Table II Number and proportion of patients with reduced eGFR values (≥10 ml/min/1.73 m2), compared with pre-COVID-19 values, in three periods during the first year after acute COVID-19 according to diverse clinical characteristics.

Table II

Number and proportion of patients with reduced eGFR values (≥10 ml/min/1.73 m2), compared with pre-COVID-19 values, in three periods during the first year after acute COVID-19 according to diverse clinical characteristics.

	Month after COVID-19
	4 (n=99) eGFR reduction, n (%)		8 (n=88) eGFR reduction, n (%)		12 (n=77) eGFR reduction, n (%)
Clinical characteristics	No	Yes	No	Yes	No	Yes	P-valuea
All	82 (82.8)	17 (17.2)	68 (77.3)	20 (22.7)	64 (83.1)	13 (16.9)
Pre-COVID-19 low eGFRb
No	34 (68.0)	16 (32.0)	26 (60.5)	17 (39.5)	25 (69.4)	11 (30.6)	<0.001c
Yes	48 (98.0)	1 (2.0)	42 (93.3)	3 (6.7)	39 (95.1)	2 (4.9)
B blood typed
No	75 (81.5)	17 (18.4)	62 (75.6)	20 (24.4)	59 (81.9)	13 (18.1)	0.049c
Yes	7 (100.0)	0 (0.0)	6 (100.0)	0 (0.0)	5 (100.0)	0 (0.0)
Diabetes
No	49 (77.8)	14 (22.2)	38 (69.1)	17 (30.9)	34 (75.6)	11 (24.4)	<0.001c
Yes	33 (91.7)	3 (8.3)	30 (90.9)	3 (9.1)	30 (93.8)	2 (6.3)
Hospitalized
No	41 (85.4)	7 (14.6)	33 (82.5)	7 (17.5)	32 (94.1)	2 (5.9)	0.039e
Yes	41 (80.4)	10 (19.6)	35 (72.9)	13 (27.1)	32 (74.4)	11 (25.6)
Ivermectin
No	70 (83.3)	14 (16.7)	60 (78.9)	16 (17.2)	54 (81.8)	12 (18.2)	0.824c
Yes	12 (80.0)	3 (20.0)	8 (66.7)	4 (33.3)	10 (90.9)	1 (9.1)
Anticoagulant
No	50 (87.7)	7 (12.3)	40 (85.1)	7 (14.9)	37 (90.2)	4 (9.8)	0.005e
Yes	32 (76.2)	10 (23.8)	28 (68.3)	13 (31.7)	27 (75.0)	9 (25.0)
Vitamin C
No	55 (84.6)	10 (15.4)	45 (77.6)	13 (22.4)	42 (80.8)	10 (19.2)	0.901e
Yes	27 (79.4)	7 (20.6)	23 (76.7)	7 (23.3)	22 (88.0)	3 (12.0)
Long COVIDf
No	24 (80.0)	6 (20.0)	19 (79.2)	5 (20.8)	18 (90.0)	2 (10.0)	0.899e
Yes	58 (84.0)	11 (16.0)	49 (76.6)	15 (23.4)	46 (80.7)	11 (19.3)

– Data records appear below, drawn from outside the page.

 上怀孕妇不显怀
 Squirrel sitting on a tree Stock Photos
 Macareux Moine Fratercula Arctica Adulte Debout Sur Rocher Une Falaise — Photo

[i] ^aP-value that resulted from comparing the groups of patients that had, or did not have, a decreased eGFR compared with their pre-COVID-19 value, according to the presence or absence of a certain factor (pre-COVID-19 low eGFR, B blood type, diabetes, hospitalized, long COVID, or the use during the acute stage of COVID-19 of ivermectin, anticoagulant, or vitamin C). All time periods (4-, 8- and 12-months after COVID-19 infection) were simultaneously analyzed and statistical tests were performed on 2x6 contingency tables.

[ii] ^beGFR <90 ml/min/1.73 m².

[iii] ^cFisher's exact test.

[iv] ^dB-positive blood type; B and AB groups (in contrast to A and O groups).

[v] ^eCochran-Mantel-Haenszel chi-square test analysis.

[vi] ^fSymptoms of COVID-19 persisting for >12 weeks after infection. Each stratum (with or without a clinical characteristic), in each time period, was considered as 100%, in order to make comparisons of the proportion of patients that reduced their eGFR values between those that did or did not have a clinical characteristic in particular. COVID-19, coronavirus disease 2019; eGFR, estimated glomerular filtration rate.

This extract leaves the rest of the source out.